Серве затаила дыхание. Она едва не упала в обморок.

«Я молчала, а он знал все, что я думаю!»

«Я – обещание», – сказал Келлхус тогда, у дороги со скюльвендскими черепами.

«Наше обещание! – шепнула она ребенку, которого носила в себе. – Наш бог».

Но может ли такое быть? Серве наслушалась бесчисленных историй о богах, имевших дело с людьми давным-давно, в далекие дни Бивня. Но ведь это было Писание. Это все правда! Однако чтобы бог бродил по земле в наши дни и чтобы он полюбил ее, Серве, дочку, проданную дому Гаунов, – это казалось невозможным. Но, быть может, в этом и есть смысл ее красоты. Именно за этим ей приходилось терпеть корыстные домогательства одного мужчины за другим. Она тоже слишком прекрасна для этого мира. Все эти годы она ждала пришествия своего суженого.

Анасуримбора Келлхуса.

Она улыбнулась сквозь слезы восторженной радости. Теперь она видела его таким, каков он на самом деле: сияющего неземным светом, с нимбами, подобными золотым дискам, над каждой из его рук. Она воистину видела его!

Позднее, когда они жевали полоски сырой оленины в продуваемой всеми ветрами тополиной рощице, он обернулся к ней и на ее родном нимбриканском сказал:

– Ты понимаешь.

Она улыбнулась, но совсем не удивилась, что он знает язык ее отца. Он не раз просил ее говорить с ним на этом языке – теперь она знала, не затем, чтобы учиться, но затем, чтобы услышать ее тайный голос, тот, что она скрывала от гнева скюльвенда.

– Да… я понимаю. Мне предназначено быть твоей супругой.

Она сморгнула слезы с глаз.

Он улыбнулся с богоподобным состраданием и нежно погладил ее по щеке.

– Скоро, Серве. Уже скоро.

В тот день они пересекли широкую долину и, переваливая через вершину ее дальнего склона, впервые увидели своих преследователей. Серве поначалу вообще не заметила их – только озаренные солнцем деревья вдоль каменистого обрыва. А потом разглядела: тени коней под деревьями, тонкие ноги движутся туда-сюда в тенистом сумраке, всадники пригибаются, уворачиваясь от невидимых ветвей.
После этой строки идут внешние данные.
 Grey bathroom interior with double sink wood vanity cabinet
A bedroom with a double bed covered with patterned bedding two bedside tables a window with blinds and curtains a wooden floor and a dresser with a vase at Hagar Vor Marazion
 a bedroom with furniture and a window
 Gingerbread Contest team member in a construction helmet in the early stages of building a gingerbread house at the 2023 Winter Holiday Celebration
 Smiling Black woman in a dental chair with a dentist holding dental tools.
Внезапно один показался на краю долины. Его шлем и доспех сверкнули на солнце ослепительно-белым. Серве поспешно спряталась в тени.

– Они как будто растерялись, – предположила она.
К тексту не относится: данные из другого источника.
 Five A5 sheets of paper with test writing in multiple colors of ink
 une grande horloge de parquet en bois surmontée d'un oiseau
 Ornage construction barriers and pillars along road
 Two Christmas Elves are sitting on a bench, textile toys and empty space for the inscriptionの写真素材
– Потеряли наш след на каменистой почве, – угрюмо ответил Найюр. – Они ищут ту дорогу, которой мы спустились вниз.

После этого Найюр заставил их ехать быстрее. Держа в поводу запасных лошадей, они мчались по лесу. Скюльвенд вел их по холмам и склонам, пока они не наткнулись на мелкий ручеек с каменистым руслом. Тут они сменили направление и поехали вниз по течению вдоль илистых берегов, временами шлепая вброд по самому ручью, пока тот не влился в гораздо более крупную реку. Начинало холодать, открытые поляны почти терялись в серых вечерних тенях.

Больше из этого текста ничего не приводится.